(Pictures with short captions)
- - - -
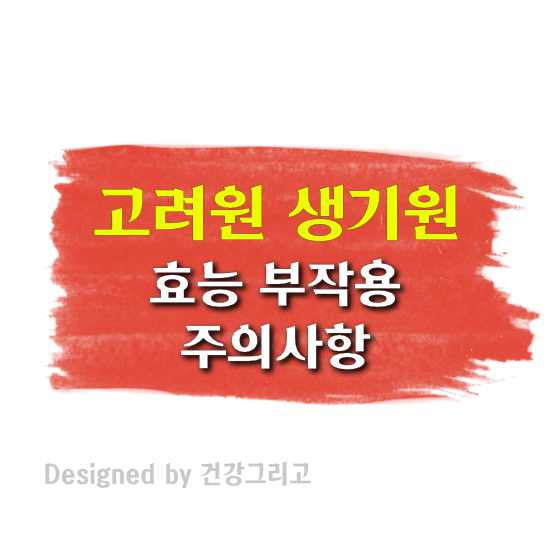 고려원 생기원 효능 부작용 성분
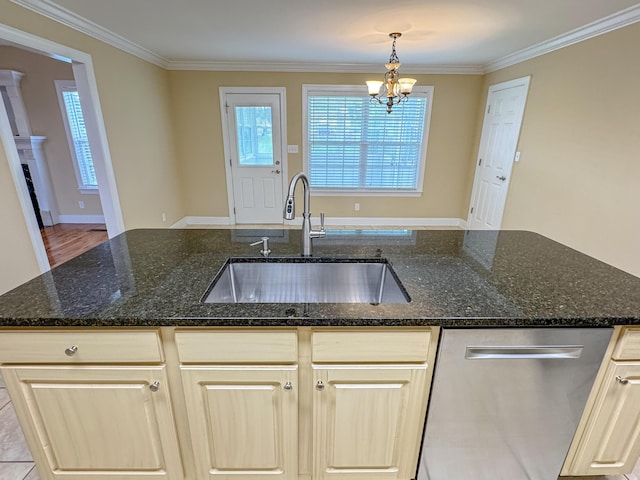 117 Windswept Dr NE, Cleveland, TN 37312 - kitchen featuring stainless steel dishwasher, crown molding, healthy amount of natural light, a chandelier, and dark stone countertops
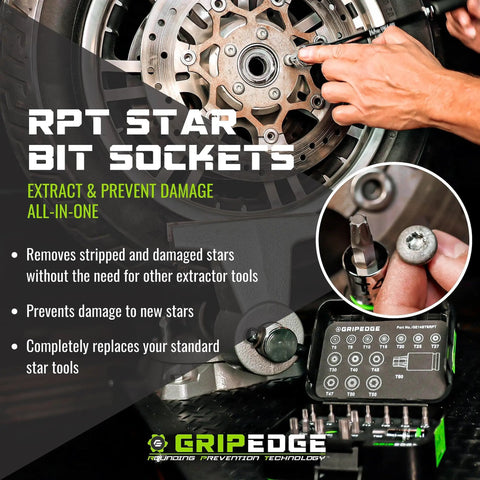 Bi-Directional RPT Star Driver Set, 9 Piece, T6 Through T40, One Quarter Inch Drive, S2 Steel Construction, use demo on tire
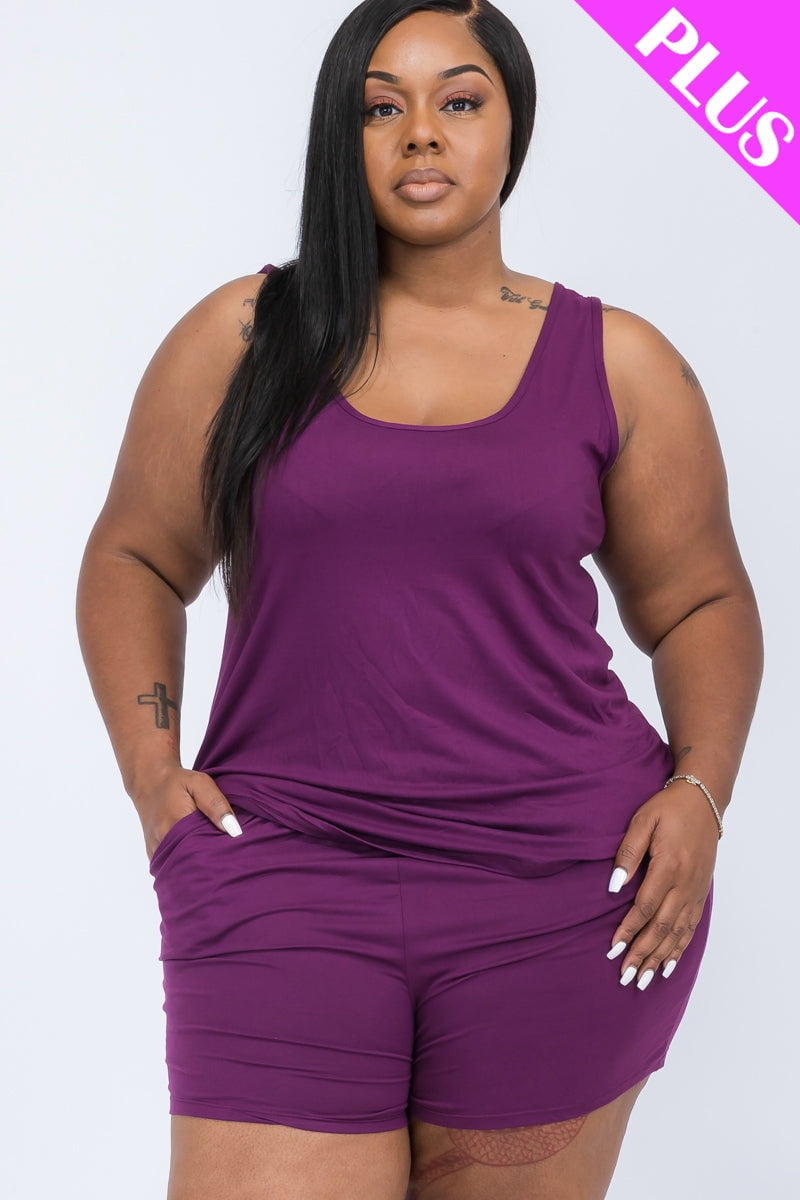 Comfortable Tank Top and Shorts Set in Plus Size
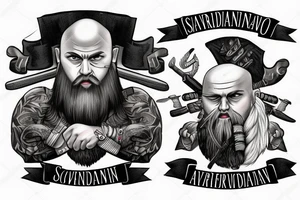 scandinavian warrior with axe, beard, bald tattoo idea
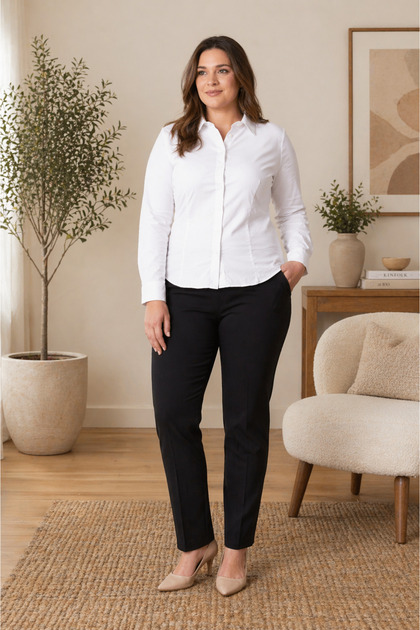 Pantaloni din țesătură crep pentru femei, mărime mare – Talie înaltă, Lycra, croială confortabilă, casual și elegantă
- - - -
Directions:
Reproduce the records in full and leave the images behind.

Task output:
 고려원 생기원 효능 부작용 성분
 117 Windswept Dr NE, Cleveland, TN 37312 - kitchen featuring stainless steel dishwasher, crown molding, healthy amount of natural light, a chandelier, and dark stone countertops
 Bi-Directional RPT Star Driver Set, 9 Piece, T6 Through T40, One Quarter Inch Drive, S2 Steel Construction, use demo on tire
 Comfortable Tank Top and Shorts Set in Plus Size
 scandinavian warrior with axe, beard, bald tattoo idea
 Pantaloni din țesătură crep pentru femei, mărime mare – Talie înaltă, Lycra, croială confortabilă, casual și elegantă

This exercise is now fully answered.